━━━ Provided material

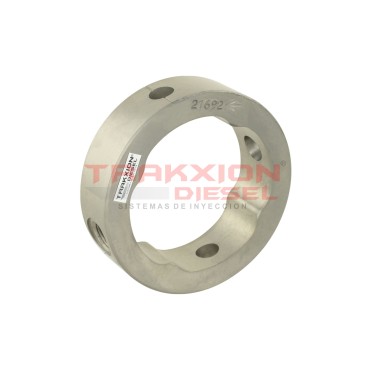 Anillo aro de levas 18629, 21692 Stanadyne 2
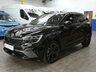USED 2024 24 RENAULT AUSTRAL 1.2 E-TECH techno esprit Alpine SUV 5dr Petrol Hybrid Auto Euro 6 (s/s) (200 ps) SAT NAV CARPLAY HEATED SEATS HEATED STEERING WHEEL REAR VIEW CAMERA  CRUISE CONTROL PARKING SENSORS 2 OWNER SERVICE HISTORY WARRANTY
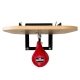 Speedball Platform Lite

━━━━━━

Write out the data exactly, but not its pictures.

# The answer
 Anillo aro de levas 18629, 21692 Stanadyne 2
USED 2024 24 RENAULT AUSTRAL 1.2 E-TECH techno esprit Alpine SUV 5dr Petrol Hybrid Auto Euro 6 (s/s) (200 ps) SAT NAV CARPLAY HEATED SEATS HEATED STEERING WHEEL REAR VIEW CAMERA  CRUISE CONTROL PARKING SENSORS 2 OWNER SERVICE HISTORY WARRANTY
 Speedball Platform Lite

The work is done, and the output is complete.